* Brief
Retype, word for word, each line between the lines holding "Staff Herren T-Shirt Kurzarm Beige" and "Flyer for Revied's 2nd Birthday at Um Ba La", inclusive, and leave the rest of the data alone.

* Dataset excerpts
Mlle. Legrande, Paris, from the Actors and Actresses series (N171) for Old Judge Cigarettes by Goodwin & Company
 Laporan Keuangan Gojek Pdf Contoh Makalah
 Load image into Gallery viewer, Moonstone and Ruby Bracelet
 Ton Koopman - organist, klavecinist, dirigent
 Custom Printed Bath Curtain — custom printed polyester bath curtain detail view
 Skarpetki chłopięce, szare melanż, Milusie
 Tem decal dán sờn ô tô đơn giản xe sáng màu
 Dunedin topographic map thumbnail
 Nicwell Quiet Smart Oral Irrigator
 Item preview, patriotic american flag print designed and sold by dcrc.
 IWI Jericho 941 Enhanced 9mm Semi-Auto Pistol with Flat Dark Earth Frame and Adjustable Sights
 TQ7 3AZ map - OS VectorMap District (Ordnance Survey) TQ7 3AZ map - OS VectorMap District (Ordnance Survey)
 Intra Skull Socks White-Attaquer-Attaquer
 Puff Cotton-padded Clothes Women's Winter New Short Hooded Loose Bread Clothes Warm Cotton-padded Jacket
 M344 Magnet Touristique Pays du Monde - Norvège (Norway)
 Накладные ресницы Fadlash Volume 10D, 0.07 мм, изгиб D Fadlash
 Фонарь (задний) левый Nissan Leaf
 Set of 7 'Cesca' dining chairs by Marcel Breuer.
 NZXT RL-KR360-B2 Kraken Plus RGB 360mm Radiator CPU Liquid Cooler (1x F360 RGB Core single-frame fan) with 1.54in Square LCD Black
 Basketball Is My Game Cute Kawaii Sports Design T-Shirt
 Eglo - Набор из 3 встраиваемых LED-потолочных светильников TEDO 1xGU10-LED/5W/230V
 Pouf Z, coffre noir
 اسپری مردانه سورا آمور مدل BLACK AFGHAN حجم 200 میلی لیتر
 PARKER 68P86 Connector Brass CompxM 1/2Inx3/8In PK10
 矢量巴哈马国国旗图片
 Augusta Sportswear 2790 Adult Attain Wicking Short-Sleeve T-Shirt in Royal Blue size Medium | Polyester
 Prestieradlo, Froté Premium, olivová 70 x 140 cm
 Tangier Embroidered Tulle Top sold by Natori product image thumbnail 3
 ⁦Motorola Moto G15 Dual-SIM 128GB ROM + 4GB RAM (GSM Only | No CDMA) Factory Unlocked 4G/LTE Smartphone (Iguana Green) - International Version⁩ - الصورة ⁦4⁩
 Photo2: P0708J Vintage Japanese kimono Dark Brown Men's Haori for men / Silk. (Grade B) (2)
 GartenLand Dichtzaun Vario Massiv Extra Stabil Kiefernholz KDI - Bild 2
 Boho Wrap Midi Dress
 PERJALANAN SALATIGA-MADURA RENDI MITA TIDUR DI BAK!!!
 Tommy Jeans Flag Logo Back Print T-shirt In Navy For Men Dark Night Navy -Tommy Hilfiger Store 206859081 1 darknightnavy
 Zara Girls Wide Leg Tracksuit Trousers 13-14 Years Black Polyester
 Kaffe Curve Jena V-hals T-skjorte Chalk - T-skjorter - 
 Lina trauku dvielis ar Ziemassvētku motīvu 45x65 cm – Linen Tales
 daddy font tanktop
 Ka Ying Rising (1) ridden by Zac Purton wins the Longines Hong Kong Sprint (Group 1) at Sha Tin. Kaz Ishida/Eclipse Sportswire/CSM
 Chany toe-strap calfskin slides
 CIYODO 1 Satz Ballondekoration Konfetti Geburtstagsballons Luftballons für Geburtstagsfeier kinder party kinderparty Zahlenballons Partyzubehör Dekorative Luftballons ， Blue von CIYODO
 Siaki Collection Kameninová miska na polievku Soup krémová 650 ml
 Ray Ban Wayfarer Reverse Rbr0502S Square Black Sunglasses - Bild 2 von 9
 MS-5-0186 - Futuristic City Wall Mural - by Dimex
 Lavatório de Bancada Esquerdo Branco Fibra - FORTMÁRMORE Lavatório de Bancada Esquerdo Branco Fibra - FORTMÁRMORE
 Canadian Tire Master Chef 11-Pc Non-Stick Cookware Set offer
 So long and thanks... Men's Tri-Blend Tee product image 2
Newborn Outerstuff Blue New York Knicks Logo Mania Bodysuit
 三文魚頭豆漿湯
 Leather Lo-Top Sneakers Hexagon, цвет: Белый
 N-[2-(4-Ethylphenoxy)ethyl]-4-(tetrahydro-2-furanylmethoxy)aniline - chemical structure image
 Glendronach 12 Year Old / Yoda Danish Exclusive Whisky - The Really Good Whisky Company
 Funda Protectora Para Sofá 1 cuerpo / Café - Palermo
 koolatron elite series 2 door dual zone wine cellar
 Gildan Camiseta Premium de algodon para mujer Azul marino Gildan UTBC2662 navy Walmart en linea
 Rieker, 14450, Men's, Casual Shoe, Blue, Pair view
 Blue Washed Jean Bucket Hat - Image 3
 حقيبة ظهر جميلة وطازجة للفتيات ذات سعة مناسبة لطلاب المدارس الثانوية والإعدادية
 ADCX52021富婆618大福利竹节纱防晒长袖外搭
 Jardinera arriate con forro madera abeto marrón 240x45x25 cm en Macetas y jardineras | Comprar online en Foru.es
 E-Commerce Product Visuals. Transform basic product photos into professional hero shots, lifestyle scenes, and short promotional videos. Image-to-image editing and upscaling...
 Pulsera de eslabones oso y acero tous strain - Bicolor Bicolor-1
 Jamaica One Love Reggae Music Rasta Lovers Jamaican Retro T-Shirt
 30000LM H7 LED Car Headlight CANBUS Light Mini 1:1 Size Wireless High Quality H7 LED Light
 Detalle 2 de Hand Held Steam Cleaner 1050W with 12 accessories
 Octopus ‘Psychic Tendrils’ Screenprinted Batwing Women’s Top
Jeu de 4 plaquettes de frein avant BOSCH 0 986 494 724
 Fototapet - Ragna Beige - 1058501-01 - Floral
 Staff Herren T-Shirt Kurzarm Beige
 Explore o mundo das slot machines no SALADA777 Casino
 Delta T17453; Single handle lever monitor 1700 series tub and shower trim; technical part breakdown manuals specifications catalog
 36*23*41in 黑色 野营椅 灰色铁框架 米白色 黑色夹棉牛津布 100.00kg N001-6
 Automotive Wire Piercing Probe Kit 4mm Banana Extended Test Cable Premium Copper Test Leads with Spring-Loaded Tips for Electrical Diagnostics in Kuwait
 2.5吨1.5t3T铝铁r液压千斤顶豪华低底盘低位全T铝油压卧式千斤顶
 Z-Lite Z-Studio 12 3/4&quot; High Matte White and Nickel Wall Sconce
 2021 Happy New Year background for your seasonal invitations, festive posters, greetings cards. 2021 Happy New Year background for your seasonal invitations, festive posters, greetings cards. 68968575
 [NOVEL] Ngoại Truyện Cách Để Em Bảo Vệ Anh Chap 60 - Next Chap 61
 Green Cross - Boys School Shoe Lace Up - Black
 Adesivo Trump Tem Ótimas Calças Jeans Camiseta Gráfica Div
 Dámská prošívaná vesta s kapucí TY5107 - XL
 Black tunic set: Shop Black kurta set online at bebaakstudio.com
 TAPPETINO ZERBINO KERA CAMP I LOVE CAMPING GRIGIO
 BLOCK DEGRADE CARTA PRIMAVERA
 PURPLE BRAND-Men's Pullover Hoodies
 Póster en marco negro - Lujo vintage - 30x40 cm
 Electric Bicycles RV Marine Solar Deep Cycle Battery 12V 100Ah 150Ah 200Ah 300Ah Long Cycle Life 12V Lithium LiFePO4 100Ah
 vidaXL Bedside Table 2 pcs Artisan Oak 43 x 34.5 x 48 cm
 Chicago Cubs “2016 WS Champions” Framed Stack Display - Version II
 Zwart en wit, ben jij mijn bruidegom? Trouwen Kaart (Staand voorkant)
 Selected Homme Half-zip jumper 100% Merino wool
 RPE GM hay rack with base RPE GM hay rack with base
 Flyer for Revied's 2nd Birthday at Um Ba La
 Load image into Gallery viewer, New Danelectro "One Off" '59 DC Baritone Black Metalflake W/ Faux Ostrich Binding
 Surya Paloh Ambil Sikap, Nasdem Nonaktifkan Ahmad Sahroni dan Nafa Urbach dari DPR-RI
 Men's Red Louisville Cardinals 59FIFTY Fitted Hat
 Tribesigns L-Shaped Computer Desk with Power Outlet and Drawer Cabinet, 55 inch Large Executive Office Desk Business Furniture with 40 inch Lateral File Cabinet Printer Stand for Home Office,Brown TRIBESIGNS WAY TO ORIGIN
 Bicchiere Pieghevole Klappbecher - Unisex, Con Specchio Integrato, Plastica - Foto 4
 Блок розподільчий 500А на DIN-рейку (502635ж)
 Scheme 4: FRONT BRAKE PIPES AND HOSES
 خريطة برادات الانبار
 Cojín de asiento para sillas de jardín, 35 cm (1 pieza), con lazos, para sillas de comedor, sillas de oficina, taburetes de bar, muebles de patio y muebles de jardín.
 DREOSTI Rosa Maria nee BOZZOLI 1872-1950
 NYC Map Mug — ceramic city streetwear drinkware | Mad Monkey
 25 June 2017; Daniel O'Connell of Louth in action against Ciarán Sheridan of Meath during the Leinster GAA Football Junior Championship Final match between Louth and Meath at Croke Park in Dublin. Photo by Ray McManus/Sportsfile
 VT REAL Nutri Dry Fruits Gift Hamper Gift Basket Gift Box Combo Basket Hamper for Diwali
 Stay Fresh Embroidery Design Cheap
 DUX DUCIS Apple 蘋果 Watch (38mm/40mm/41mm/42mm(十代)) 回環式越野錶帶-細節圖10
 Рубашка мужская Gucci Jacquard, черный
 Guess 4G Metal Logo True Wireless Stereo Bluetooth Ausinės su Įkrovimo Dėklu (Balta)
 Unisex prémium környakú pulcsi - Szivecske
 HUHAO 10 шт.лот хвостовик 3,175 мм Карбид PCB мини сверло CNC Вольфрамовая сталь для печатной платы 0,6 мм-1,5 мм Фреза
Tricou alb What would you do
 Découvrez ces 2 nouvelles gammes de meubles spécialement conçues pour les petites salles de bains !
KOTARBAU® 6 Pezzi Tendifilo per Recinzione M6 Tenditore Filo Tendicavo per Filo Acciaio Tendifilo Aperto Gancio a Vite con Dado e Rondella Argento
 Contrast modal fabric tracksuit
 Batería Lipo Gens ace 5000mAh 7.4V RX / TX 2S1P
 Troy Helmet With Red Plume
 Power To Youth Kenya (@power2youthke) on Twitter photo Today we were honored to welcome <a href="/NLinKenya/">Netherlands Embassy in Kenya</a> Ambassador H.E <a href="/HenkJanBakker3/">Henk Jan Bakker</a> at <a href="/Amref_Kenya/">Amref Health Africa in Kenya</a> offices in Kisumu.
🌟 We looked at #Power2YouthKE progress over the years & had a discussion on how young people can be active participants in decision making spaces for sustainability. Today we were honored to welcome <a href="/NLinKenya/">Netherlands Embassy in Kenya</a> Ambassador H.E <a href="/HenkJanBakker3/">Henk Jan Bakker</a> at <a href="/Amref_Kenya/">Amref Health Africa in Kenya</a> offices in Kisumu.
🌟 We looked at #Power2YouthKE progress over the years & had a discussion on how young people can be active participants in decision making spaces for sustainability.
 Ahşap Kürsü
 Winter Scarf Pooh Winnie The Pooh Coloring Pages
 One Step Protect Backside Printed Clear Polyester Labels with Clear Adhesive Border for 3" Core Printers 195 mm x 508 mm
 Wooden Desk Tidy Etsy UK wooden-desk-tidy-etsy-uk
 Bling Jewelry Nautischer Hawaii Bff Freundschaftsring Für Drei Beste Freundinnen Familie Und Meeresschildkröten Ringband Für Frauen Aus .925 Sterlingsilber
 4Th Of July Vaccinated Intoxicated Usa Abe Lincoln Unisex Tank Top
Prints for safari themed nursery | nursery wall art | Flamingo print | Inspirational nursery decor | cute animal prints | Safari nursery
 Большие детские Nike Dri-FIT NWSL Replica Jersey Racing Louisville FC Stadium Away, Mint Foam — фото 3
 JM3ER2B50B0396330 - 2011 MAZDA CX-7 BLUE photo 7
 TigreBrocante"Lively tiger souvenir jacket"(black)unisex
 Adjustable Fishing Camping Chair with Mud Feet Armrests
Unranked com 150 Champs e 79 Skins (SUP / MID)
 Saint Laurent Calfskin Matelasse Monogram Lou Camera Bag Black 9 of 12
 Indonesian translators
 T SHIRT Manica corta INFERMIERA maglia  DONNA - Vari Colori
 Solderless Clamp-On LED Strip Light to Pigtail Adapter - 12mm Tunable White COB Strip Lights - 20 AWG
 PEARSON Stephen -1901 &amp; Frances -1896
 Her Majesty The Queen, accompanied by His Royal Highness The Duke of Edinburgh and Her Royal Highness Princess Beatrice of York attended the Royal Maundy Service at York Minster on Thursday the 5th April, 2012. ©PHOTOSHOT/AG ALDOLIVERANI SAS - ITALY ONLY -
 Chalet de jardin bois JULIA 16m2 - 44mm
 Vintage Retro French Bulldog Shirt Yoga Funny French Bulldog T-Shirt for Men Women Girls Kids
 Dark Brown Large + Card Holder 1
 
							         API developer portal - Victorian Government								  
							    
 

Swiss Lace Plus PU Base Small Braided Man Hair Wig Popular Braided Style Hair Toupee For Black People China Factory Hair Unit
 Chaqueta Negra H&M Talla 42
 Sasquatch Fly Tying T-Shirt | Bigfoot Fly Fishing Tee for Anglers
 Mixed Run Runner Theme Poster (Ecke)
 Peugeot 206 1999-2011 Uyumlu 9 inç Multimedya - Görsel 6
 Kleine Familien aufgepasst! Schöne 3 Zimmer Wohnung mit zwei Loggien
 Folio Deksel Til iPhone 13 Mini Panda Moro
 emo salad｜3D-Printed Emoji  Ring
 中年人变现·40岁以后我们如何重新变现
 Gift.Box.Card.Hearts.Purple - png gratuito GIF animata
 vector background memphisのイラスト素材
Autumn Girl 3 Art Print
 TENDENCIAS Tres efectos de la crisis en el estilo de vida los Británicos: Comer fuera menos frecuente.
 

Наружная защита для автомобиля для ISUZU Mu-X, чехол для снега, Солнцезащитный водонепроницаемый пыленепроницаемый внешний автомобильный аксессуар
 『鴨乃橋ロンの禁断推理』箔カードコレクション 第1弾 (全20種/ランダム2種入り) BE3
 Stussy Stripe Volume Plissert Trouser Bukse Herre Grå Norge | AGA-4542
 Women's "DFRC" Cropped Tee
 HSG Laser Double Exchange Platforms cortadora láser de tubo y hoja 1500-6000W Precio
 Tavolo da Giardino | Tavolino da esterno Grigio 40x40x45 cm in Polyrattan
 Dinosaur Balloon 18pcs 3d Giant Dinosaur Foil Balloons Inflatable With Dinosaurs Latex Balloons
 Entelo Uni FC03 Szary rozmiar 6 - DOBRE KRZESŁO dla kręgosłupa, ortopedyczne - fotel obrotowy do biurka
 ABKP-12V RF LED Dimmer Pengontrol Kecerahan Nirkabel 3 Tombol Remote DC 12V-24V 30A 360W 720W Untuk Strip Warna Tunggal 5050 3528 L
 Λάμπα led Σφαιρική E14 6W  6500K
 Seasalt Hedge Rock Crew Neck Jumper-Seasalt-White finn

* Task response
 Staff Herren T-Shirt Kurzarm Beige
 Explore o mundo das slot machines no SALADA777 Casino
 Delta T17453; Single handle lever monitor 1700 series tub and shower trim; technical part breakdown manuals specifications catalog
 36*23*41in 黑色 野营椅 灰色铁框架 米白色 黑色夹棉牛津布 100.00kg N001-6
 Automotive Wire Piercing Probe Kit 4mm Banana Extended Test Cable Premium Copper Test Leads with Spring-Loaded Tips for Electrical Diagnostics in Kuwait
 2.5吨1.5t3T铝铁r液压千斤顶豪华低底盘低位全T铝油压卧式千斤顶
 Z-Lite Z-Studio 12 3/4&quot; High Matte White and Nickel Wall Sconce
 2021 Happy New Year background for your seasonal invitations, festive posters, greetings cards. 2021 Happy New Year background for your seasonal invitations, festive posters, greetings cards. 68968575
 [NOVEL] Ngoại Truyện Cách Để Em Bảo Vệ Anh Chap 60 - Next Chap 61
 Green Cross - Boys School Shoe Lace Up - Black
 Adesivo Trump Tem Ótimas Calças Jeans Camiseta Gráfica Div
 Dámská prošívaná vesta s kapucí TY5107 - XL
 Black tunic set: Shop Black kurta set online at bebaakstudio.com
 TAPPETINO ZERBINO KERA CAMP I LOVE CAMPING GRIGIO
 BLOCK DEGRADE CARTA PRIMAVERA
 PURPLE BRAND-Men's Pullover Hoodies
 Póster en marco negro - Lujo vintage - 30x40 cm
 Electric Bicycles RV Marine Solar Deep Cycle Battery 12V 100Ah 150Ah 200Ah 300Ah Long Cycle Life 12V Lithium LiFePO4 100Ah
 vidaXL Bedside Table 2 pcs Artisan Oak 43 x 34.5 x 48 cm
 Chicago Cubs “2016 WS Champions” Framed Stack Display - Version II
 Zwart en wit, ben jij mijn bruidegom? Trouwen Kaart (Staand voorkant)
 Selected Homme Half-zip jumper 100% Merino wool
 RPE GM hay rack with base RPE GM hay rack with base
 Flyer for Revied's 2nd Birthday at Um Ba La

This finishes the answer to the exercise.